In a breakthrough for Alzheimer’s diagnosis, the U.S. Food and Drug Administration (FDA) has approved the first blood test capable of detecting early signs of the disease. The test, called Lumipulse G pTau217/β-Amyloid 1-42 Plasma Ratio, was developed by Fujirebio Diagnostics and is designed for individuals aged 55 and older who are experiencing signs of cognitive decline.

This test marks a significant advancement as it identifies amyloid plaques in the brain—a hallmark of Alzheimer’s disease—using a simple blood sample. Previously, detecting these plaques required either costly PET scans or invasive procedures such as a lumbar puncture to collect cerebrospinal fluid (CSF). The Lumipulse test eliminates those hurdles by analyzing two key proteins in the blood: pTau217 and β-amyloid 1-42. The ratio of these proteins is then used to determine whether amyloid buildup is likely present in the brain.

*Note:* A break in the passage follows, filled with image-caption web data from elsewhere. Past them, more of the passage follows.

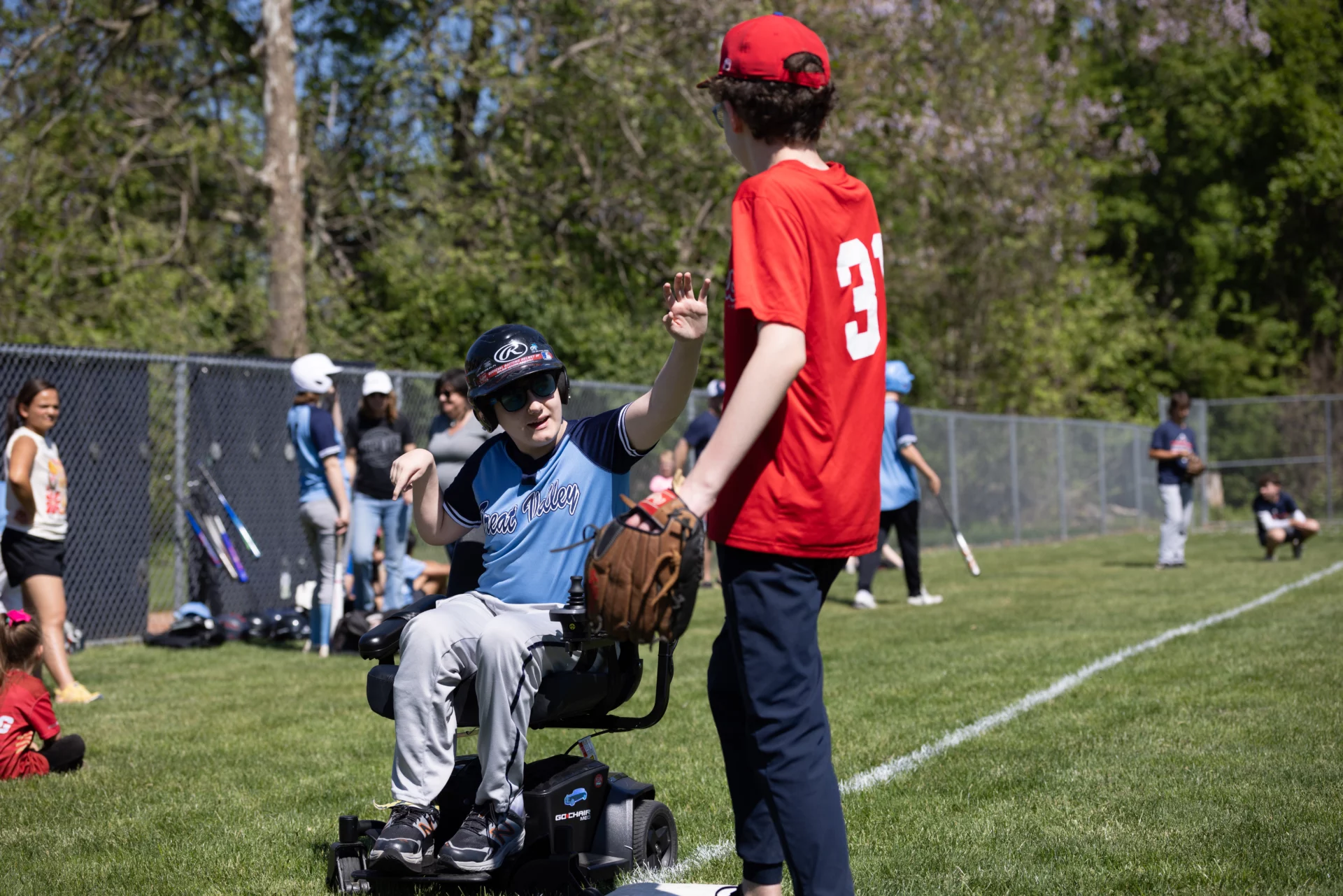 1E7A5121 Players high-fiving each other as they pass on a baseball field.
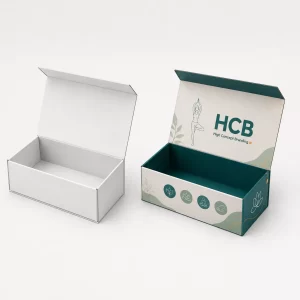 Two rigid magnetic gift boxes for yoga accessories with teal branding and custom botanical illustrations.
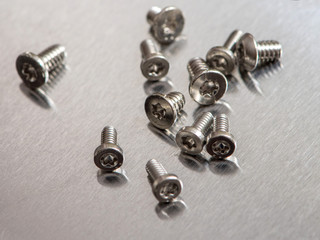 Bolts closeup on a gray background.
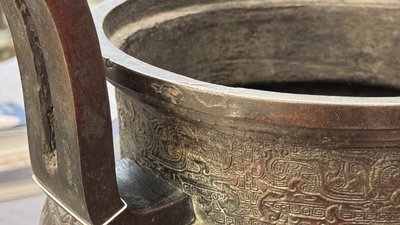 A large Chinese bronze archaistic 'taotie' tripod censer, 18th C.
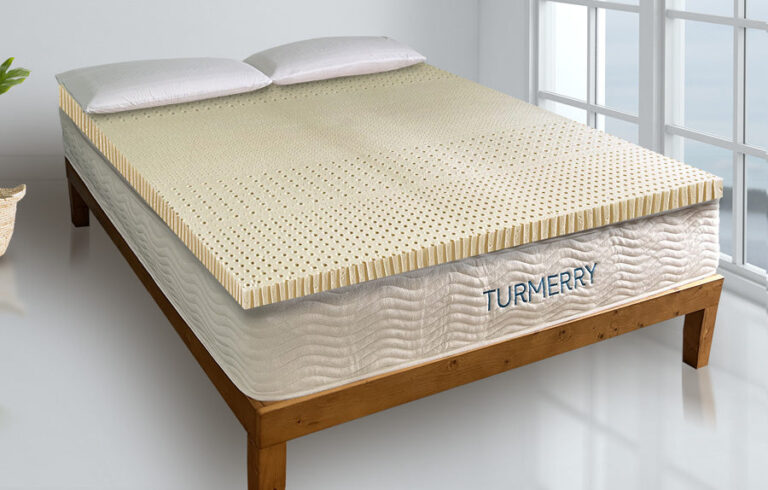 Turmerry perforated organic latex topper on top of a mattress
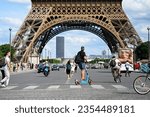 Small photo of Illustration picture shows people using self-service electric scooters (here a E-scooter of the company DOTT) with the Eiffel Tower in the background in streets of Paris, France on August 8, 2023.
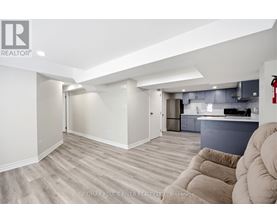 A spacious living room with a grey kitchen in the background.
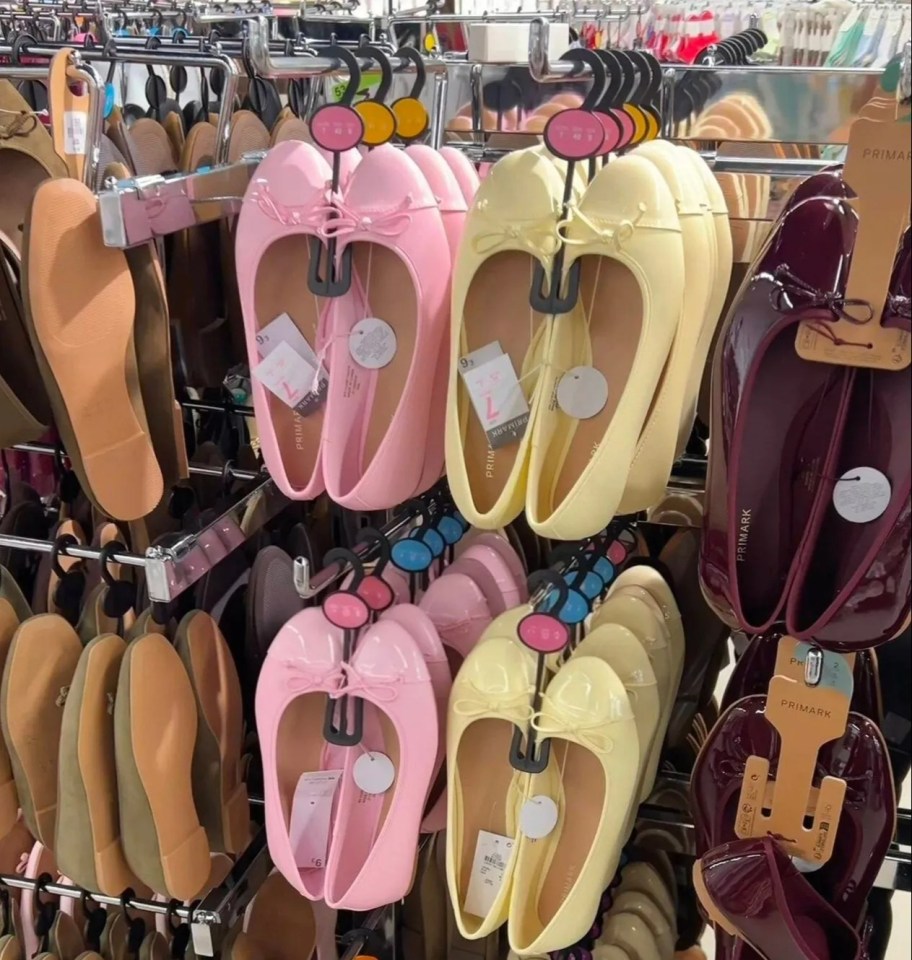 Rows of pink, yellow, and burgundy ballet flats with bows on display.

“This is a game changer,” said Dr. Howard Fillit, co-founder and chief science officer at the Alzheimer’s Drug Discovery Foundation. “Being able to diagnose Alzheimer’s early with a simple blood test, similar to how we test for cholesterol, will allow more patients to access treatment options that could delay or even prevent the disease.”

The FDA’s decision to grant marketing clearance was based on a multicenter clinical study involving 499 adults who showed signs of cognitive impairment. The results showed high accuracy: 91.7% of those who tested positive were confirmed to have amyloid plaques through traditional testing, while 97.3% of those who tested negative did not have the plaques. Only a small percentage of test results (less than 20%) were inconclusive.

Dr. Michelle Tarver, director of the FDA’s Center for Devices and Radiological Health, emphasised the importance of the approval. “Nearly 7 million Americans are living with Alzheimer’s, and this number is projected to rise to nearly 13 million. This blood test represents a major step in making diagnosis more accessible for patients earlier in the disease process.”

The Lumipulse test is intended for use in specialised healthcare settings and should be considered alongside other clinical evaluations. With this approval, the path to early diagnosis and timely intervention for Alzheimer’s disease could become significantly easier and less invasive for millions of patients and their families.